- _What the exercise asks_:
Starting at the line that contains "Plakat ZOO Wrocław", transcribe each line through the end of the material below, exactly and nothing else, leaving out the pictures.

------ Given data ------

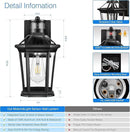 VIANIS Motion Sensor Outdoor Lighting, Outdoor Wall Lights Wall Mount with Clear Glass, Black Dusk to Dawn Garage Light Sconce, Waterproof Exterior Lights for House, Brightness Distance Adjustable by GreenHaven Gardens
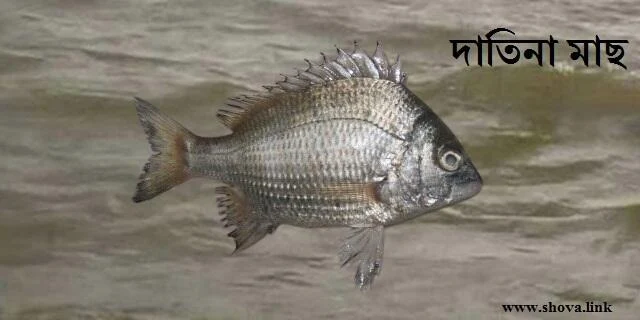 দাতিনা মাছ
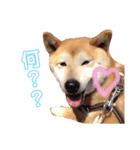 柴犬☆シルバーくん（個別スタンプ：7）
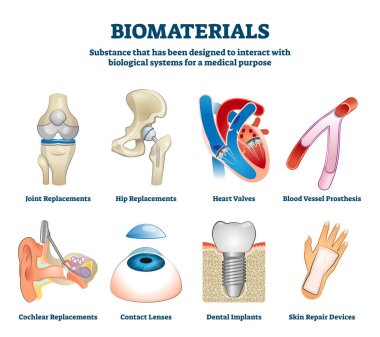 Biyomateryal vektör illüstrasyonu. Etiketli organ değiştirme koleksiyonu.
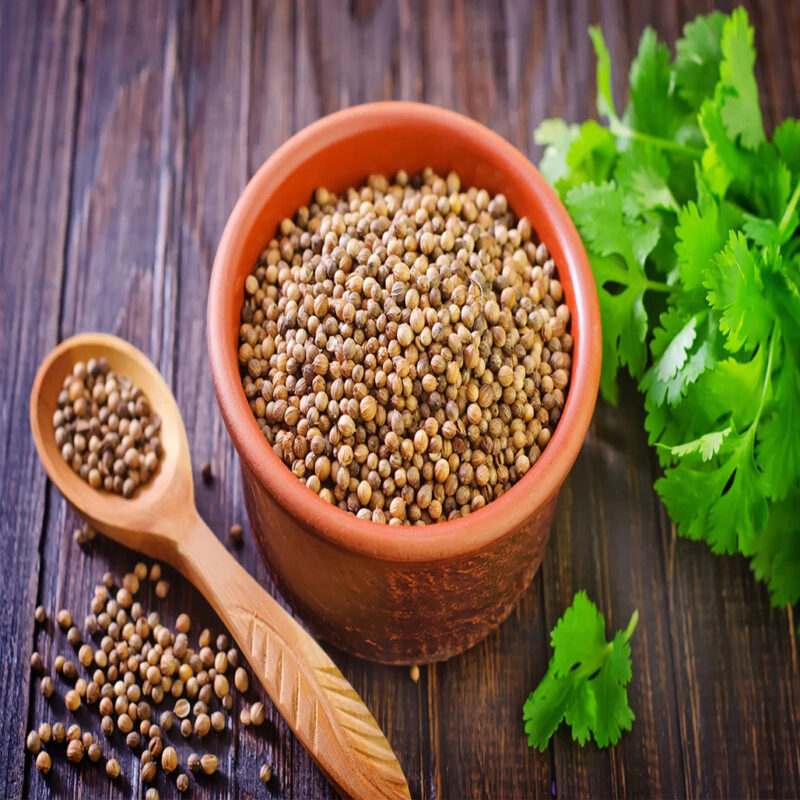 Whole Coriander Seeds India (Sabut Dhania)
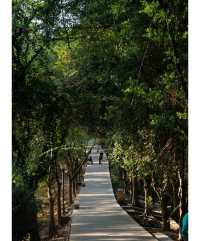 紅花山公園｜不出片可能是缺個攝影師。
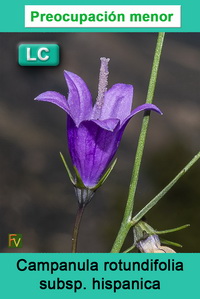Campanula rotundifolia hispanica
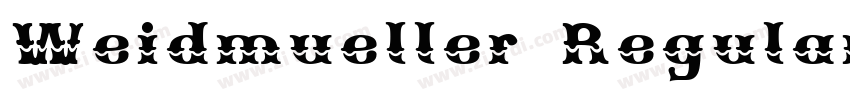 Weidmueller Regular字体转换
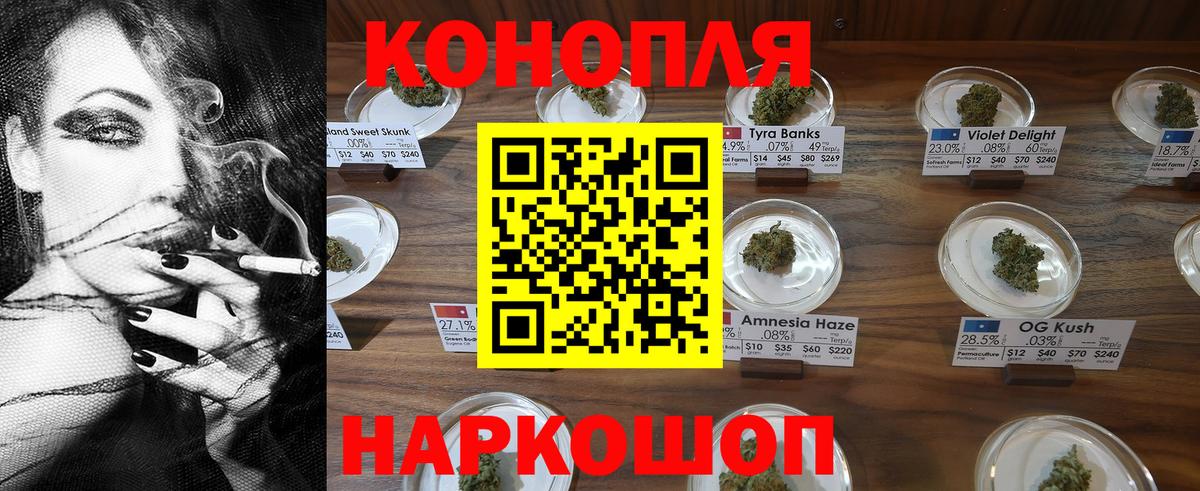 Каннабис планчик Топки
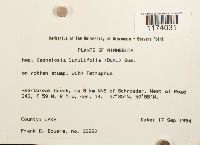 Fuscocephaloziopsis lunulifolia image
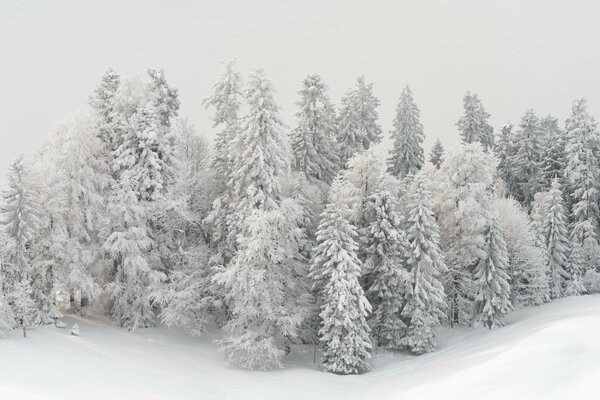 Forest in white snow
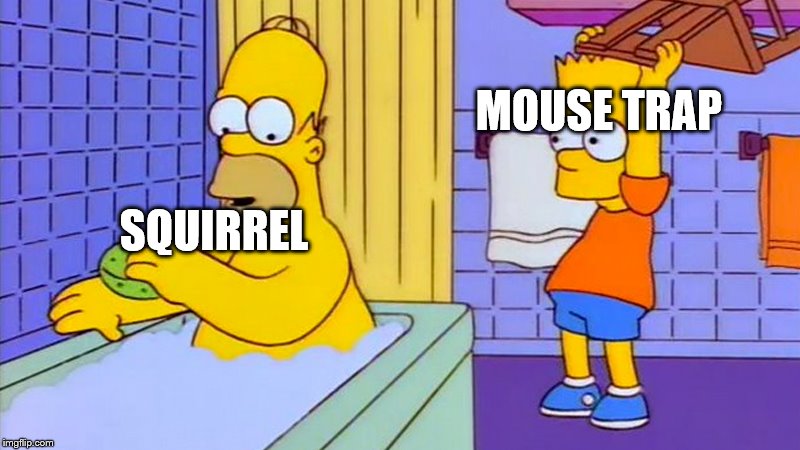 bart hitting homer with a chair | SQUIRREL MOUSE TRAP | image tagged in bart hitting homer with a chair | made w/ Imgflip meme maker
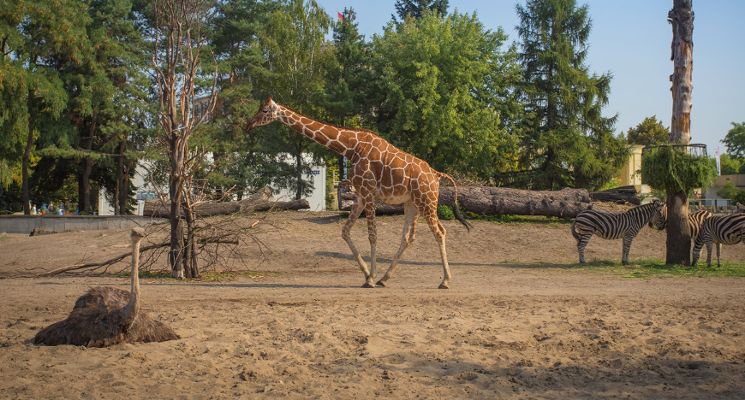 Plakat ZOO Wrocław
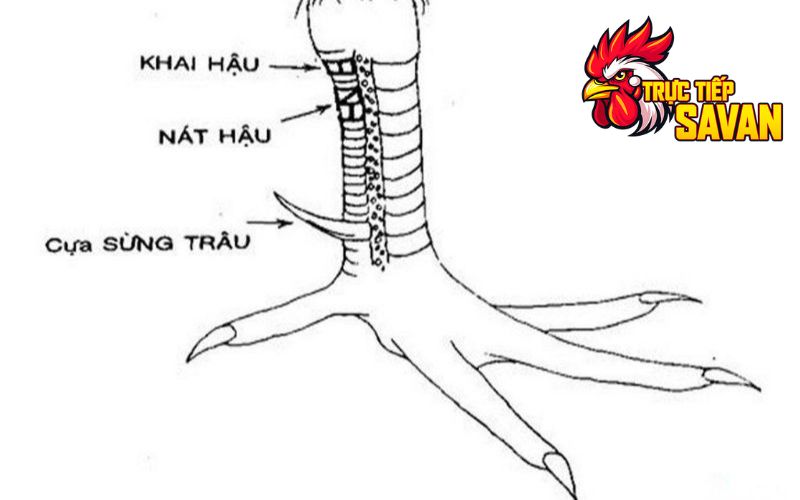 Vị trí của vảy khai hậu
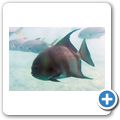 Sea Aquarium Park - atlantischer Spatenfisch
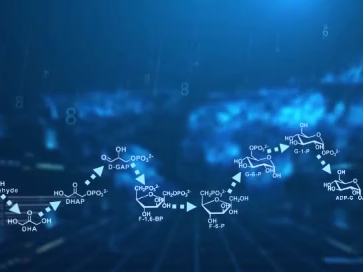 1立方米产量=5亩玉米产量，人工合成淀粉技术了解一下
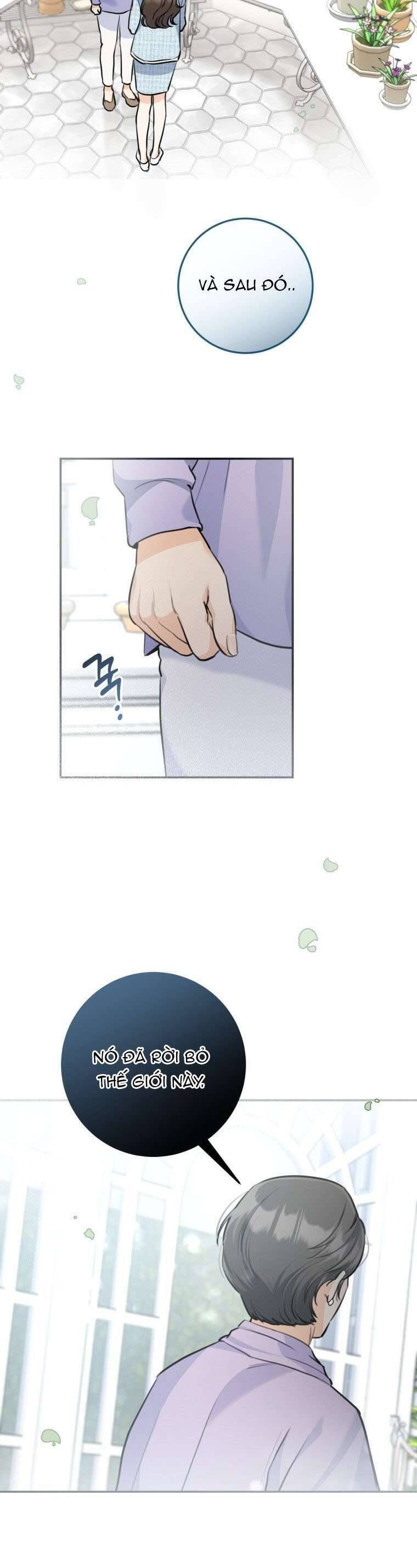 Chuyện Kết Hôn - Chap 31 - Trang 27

------

- _Output of the task_:
 Plakat ZOO Wrocław
 Vị trí của vảy khai hậu
 Sea Aquarium Park - atlantischer Spatenfisch
 1立方米产量=5亩玉米产量，人工合成淀粉技术了解一下
 Chuyện Kết Hôn - Chap 31 - Trang 27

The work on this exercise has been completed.